• **TASK TO CARRY OUT**
Using the records below, quote only the span that opens with the line containing "Badezimmer - Etagenwohnung" and closes with the line containing "Mitsubishi Lancer Evolution", exactly and inclusively.

• **TASK MATERIAL**
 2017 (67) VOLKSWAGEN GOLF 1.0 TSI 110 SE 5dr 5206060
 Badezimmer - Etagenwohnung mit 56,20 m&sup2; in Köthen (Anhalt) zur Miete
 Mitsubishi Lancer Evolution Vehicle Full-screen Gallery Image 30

--

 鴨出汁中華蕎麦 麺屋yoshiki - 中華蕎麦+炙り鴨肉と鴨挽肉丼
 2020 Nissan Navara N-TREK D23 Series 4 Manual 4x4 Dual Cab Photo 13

--

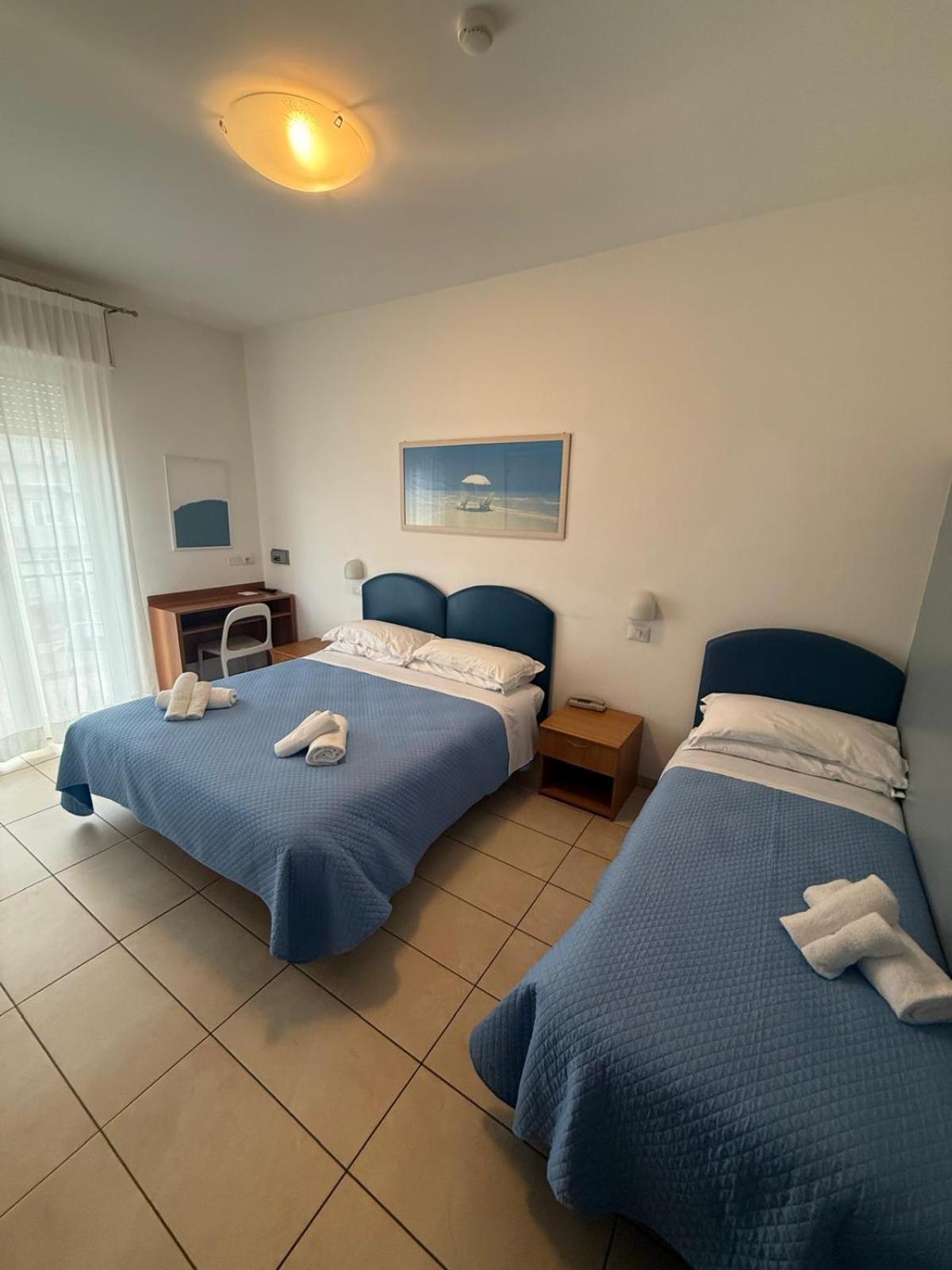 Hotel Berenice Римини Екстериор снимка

• **RESPONSE BELOW**
 Badezimmer - Etagenwohnung mit 56,20 m&sup2; in Köthen (Anhalt) zur Miete
 Mitsubishi Lancer Evolution Vehicle Full-screen Gallery Image 30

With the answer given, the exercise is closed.